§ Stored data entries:
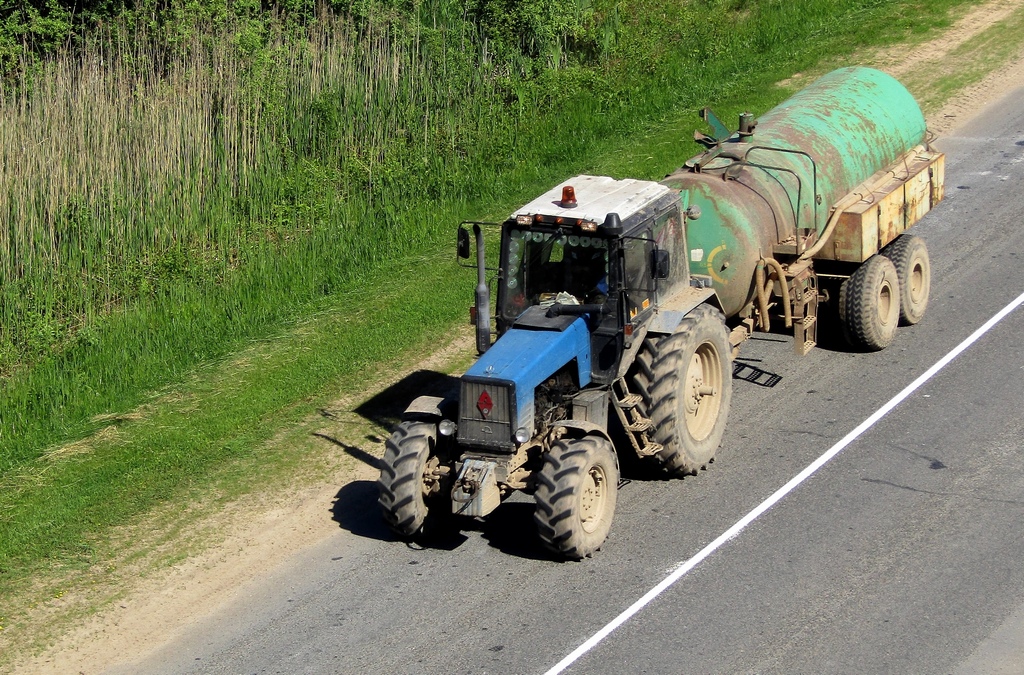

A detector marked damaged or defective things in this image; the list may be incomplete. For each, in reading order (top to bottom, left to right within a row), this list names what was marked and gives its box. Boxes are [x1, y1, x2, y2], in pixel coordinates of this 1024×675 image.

rusty green tank [660, 67, 932, 320]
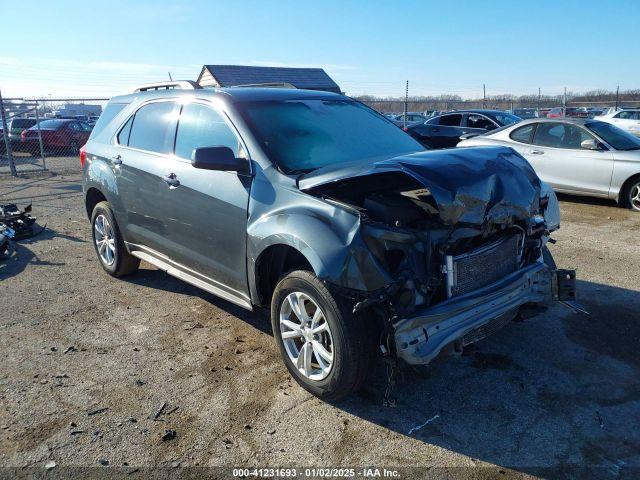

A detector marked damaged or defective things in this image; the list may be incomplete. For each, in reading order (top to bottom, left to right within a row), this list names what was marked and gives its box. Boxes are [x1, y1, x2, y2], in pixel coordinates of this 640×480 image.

damaged gray suv [82, 80, 576, 400]
crumpled hood [300, 145, 544, 226]
crushed front end [300, 146, 580, 364]
crumpled headlight area [540, 180, 560, 232]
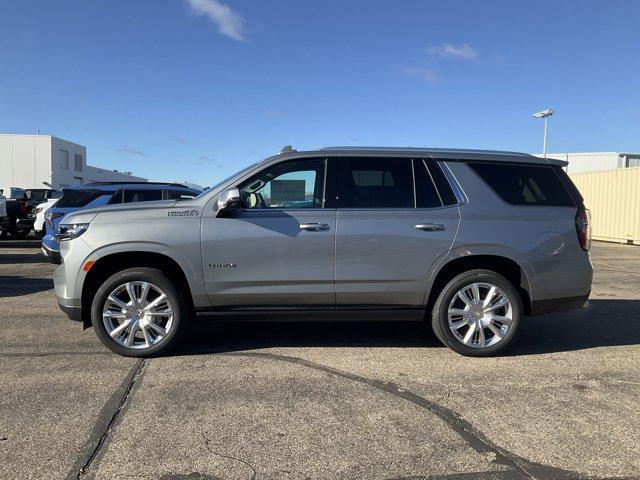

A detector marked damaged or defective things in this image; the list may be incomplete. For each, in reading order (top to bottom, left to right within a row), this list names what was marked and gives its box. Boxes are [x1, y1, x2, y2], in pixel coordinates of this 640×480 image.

cracked pavement [0, 240, 636, 480]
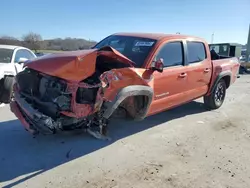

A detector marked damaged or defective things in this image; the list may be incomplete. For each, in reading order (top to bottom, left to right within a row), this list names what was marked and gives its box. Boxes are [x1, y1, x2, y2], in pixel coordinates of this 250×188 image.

crumpled hood [25, 46, 134, 82]
damaged front bumper [10, 91, 61, 134]
crushed front end [10, 68, 108, 137]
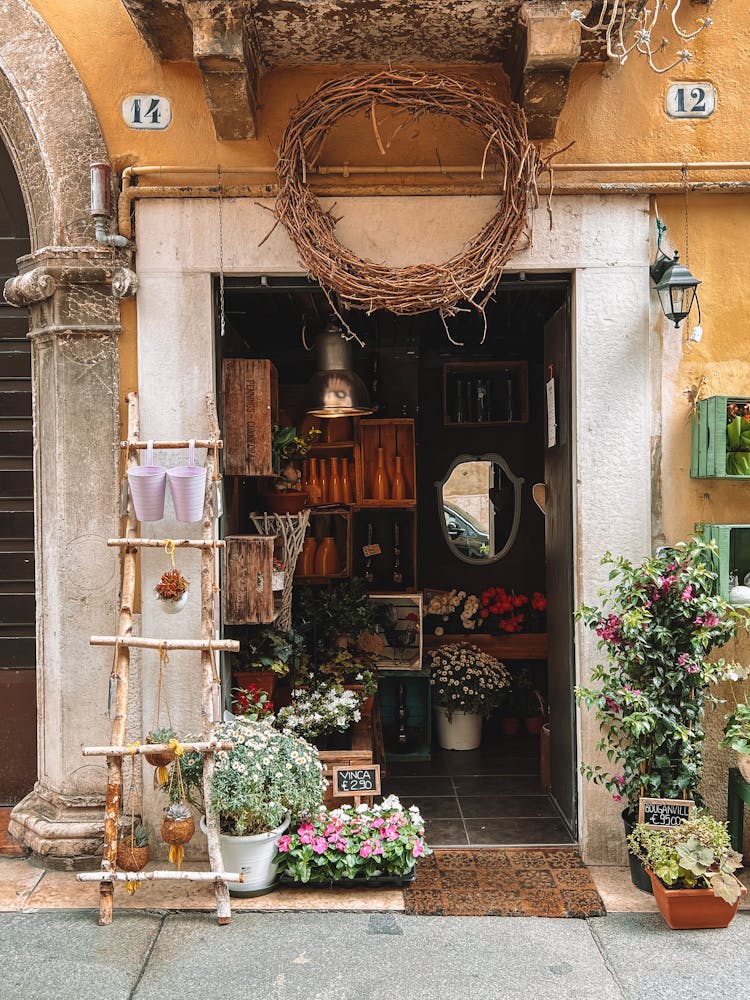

§ WORK INSTRUCTION: Nothing but the lines from the one that holds "this 250×188 image." through the end of the data should appear, written out exactly, without pictures.

§ SOLUTION FOR THIS EXERCISE:
A detector marked damaged or defective things in this image; the list may be incomplete. For each, in reading order (top to bottom, left to right within a row), this list names what was marked and gives its box. Boxes are [x1, y1, x2, y2], in pixel coordinates of this 250×188 image.

crumpled hood [25, 46, 134, 82]
damaged front bumper [10, 91, 61, 134]
crushed front end [10, 68, 108, 137]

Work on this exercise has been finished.